Guatemala's congress has named to the country's Constitutional Court a judge who is under investigation for obstruction of justice, in a brazen attempt by political mafias to infiltrate the country's highest courts and stack the deck.
On the night of January 26, a bloc of 82 legislators voted along official party lines to elect Judge Mynor Moto to Guatemala's Constitutional Court, various news outlets reported. Moto's election -- he will replace a deceased judge on the five-member court -- was immediately criticized by civil society and opposition groups.
Though he has already been sworn in by Congress, Moto has yet to assume his role on the Constitutional Court. Moto currently faces at least ten legal challenges against him that must be resolved before he can legally take his seat.
The Special Prosecutor’s Office Against Impunity (Fiscalía Especial contra la Impunidad - FECI) in the Guatemalan Attorney General’s Office has investigated Moto in connection to an influence-peddling scheme perpetrated by powerful groups in the election of judges to Guatemala's highest courts, including the country's Constitutional Court, elPeriódico reported.
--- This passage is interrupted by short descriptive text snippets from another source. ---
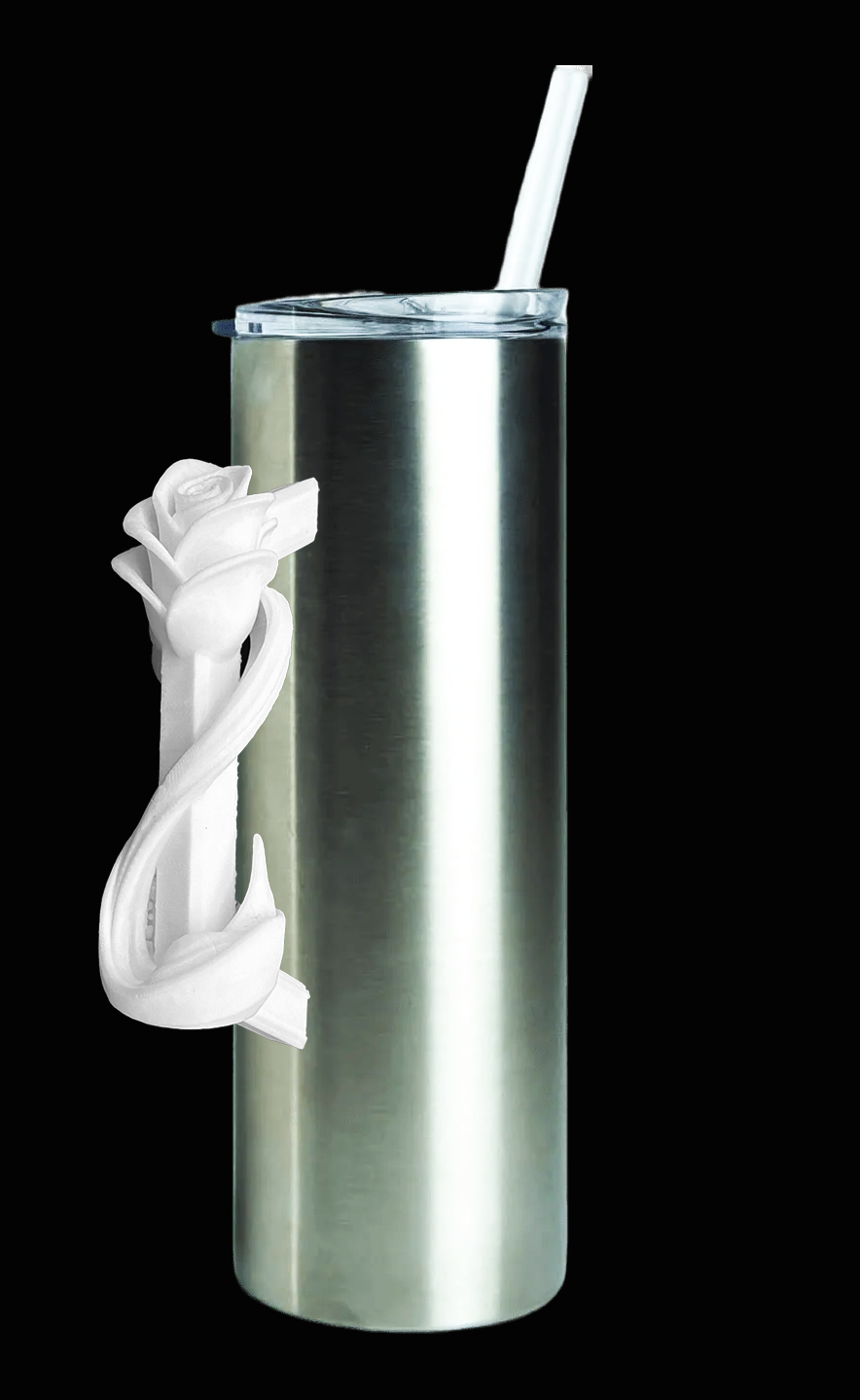 3D Printed Tumbler Handles - Multiple Designs - Series 1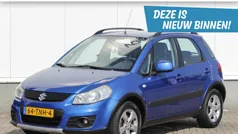 Blauw Gebruikt 2010 Suzuki SX4 Exclusive MPV | € 6.095 (Super prijs)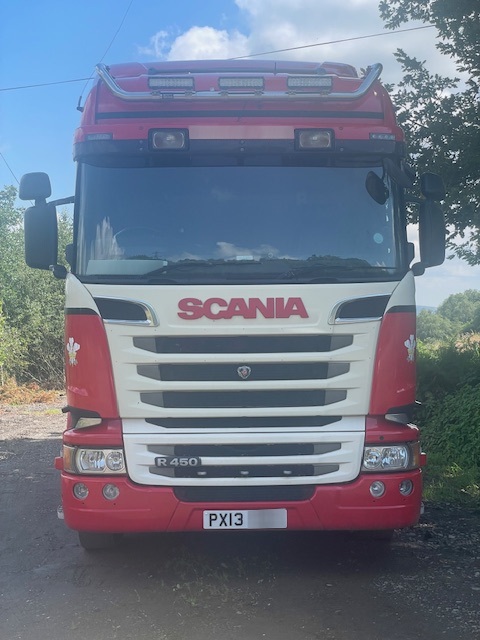 Lot 68 - 2013 Scania R450-SRS L-Class 6x2 Tractor Unit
The investigation, known as the 2020 Parallel Commissions, saw the Attorney General’s Office call for the stripping of immunity of 13 judges.
Gustavo Alejos Cámbara, a former public official and powerful political operator now jailed on corruption charges, allegedly headed the influence-peddling scheme. According to investigations by the FECI, Alejos and Moto met on several occasions, La Hora reported.
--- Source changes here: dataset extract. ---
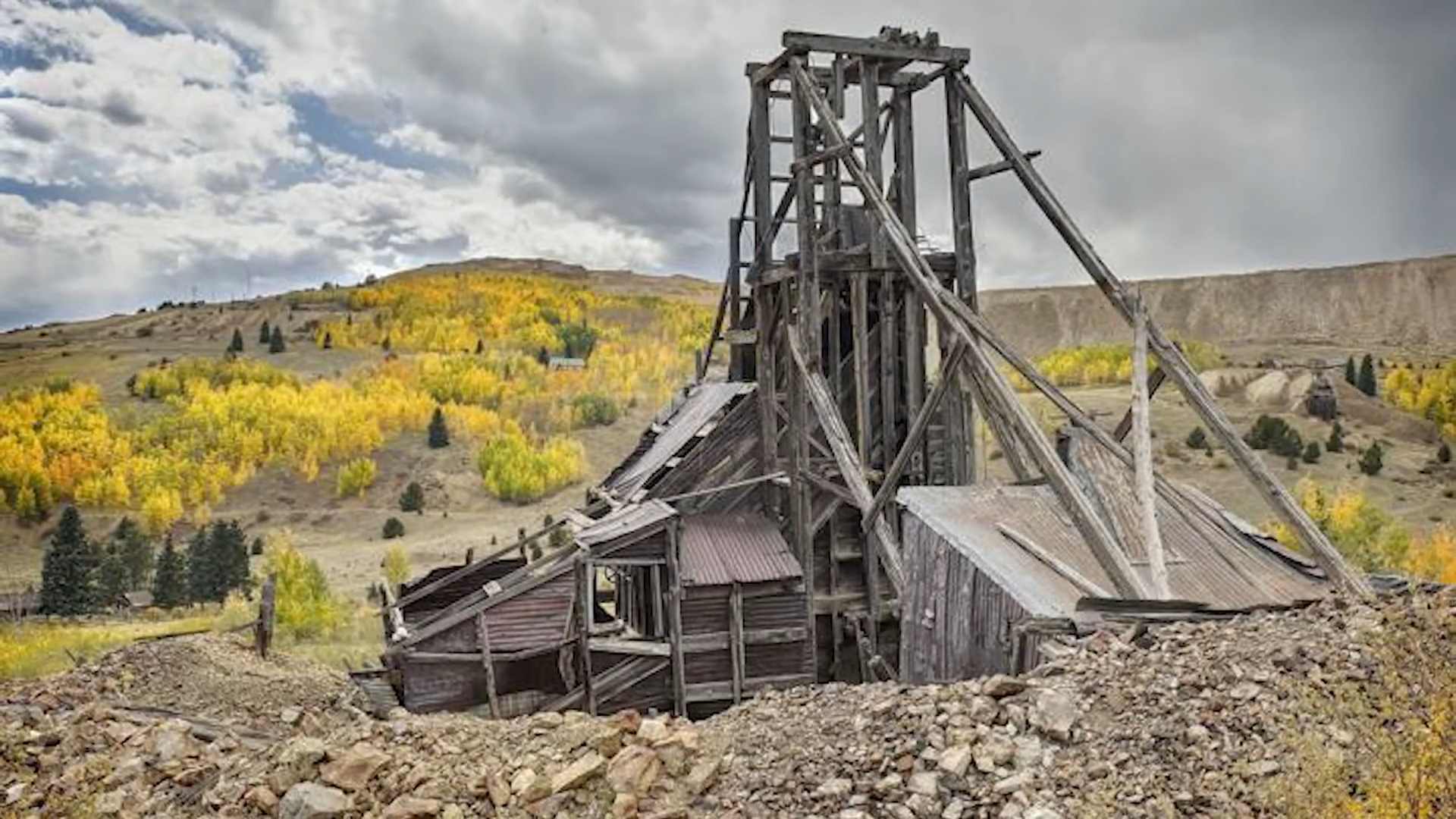 Lost in Time St. Elmo, Colorado's Haunted Past Old West Ghost Towns ...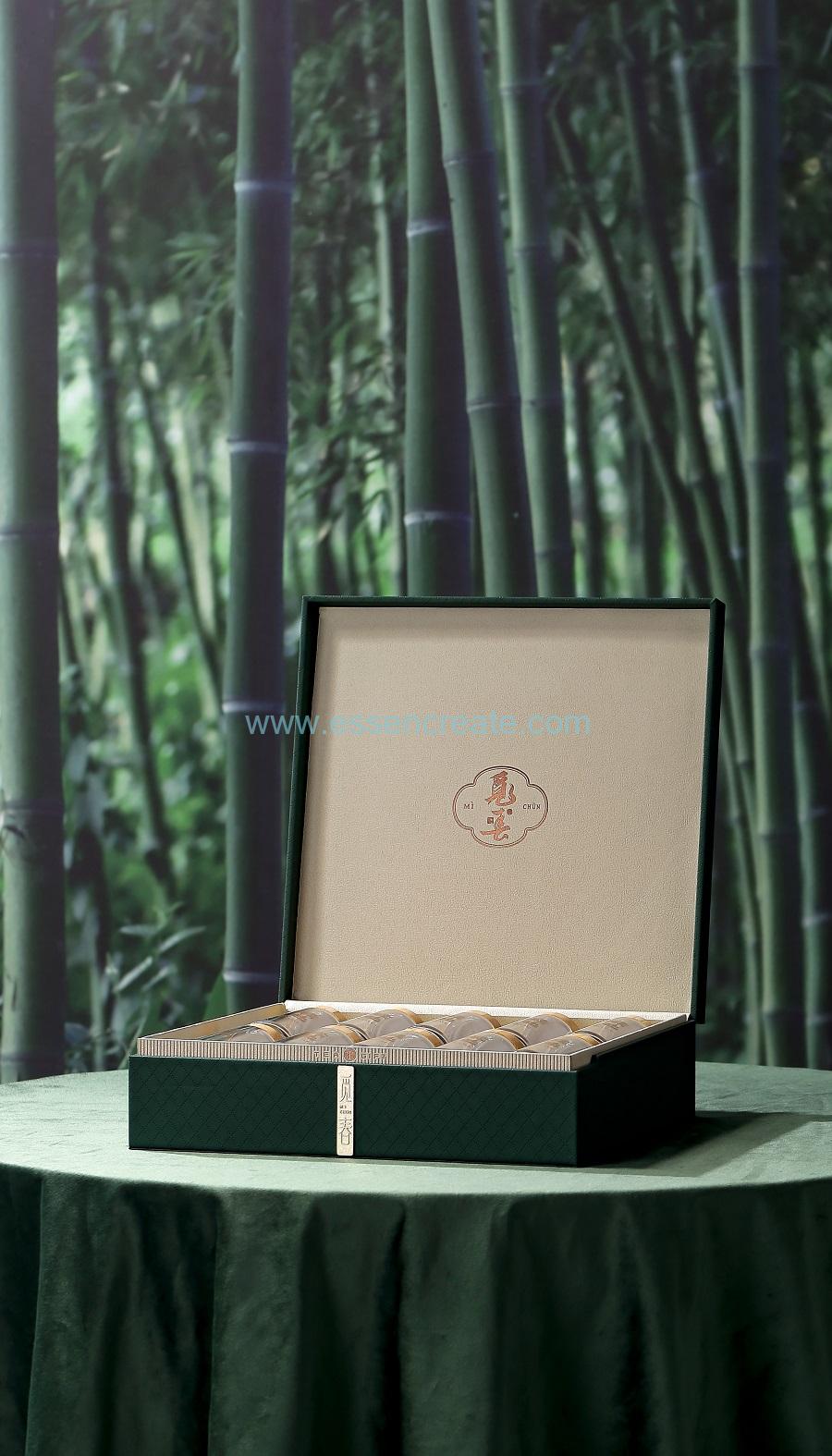 jewelry box packaging pu leather with velvet mate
On January 4, the FECI called for a preliminary hearing request against Moto to push forward an investigation on charges of breach of public duty and obstruction of justice, La Hora reported. The charges stem from Moto's attempts to seize control of the Parallel Commissions case, according to FECI.
Despite the accusations against Moto, Guatemala’s Bar Association of Lawyers and Notaries (Colegio de Abogados y Notarios de Guatemala - CANG) elected him in January as a candidate to serve on the Constitutional Court, a position that had to be ratified by congress.
The vote was later questioned by lawyers and judicial advocates. National bar association officials have come under scrutiny on several occasions for attempts to influence the selection of judicial officials, including the attorney general.
The lawsuits against Moto prevented legislators from voting on his selection to the court. But an appeals court issued a decisive ruling in one of the challenges against Moto on January 26, which the official bloc of representatives took to be a green light for voting on Moto's selection to the Constitutional Court.
InSight Crime Analysis
Mynor Moto’s swearing-in as a Constitutional Court judge is the latest salvo by powerful political elites to undermine the country’s judicial institutions, which have been badly battered.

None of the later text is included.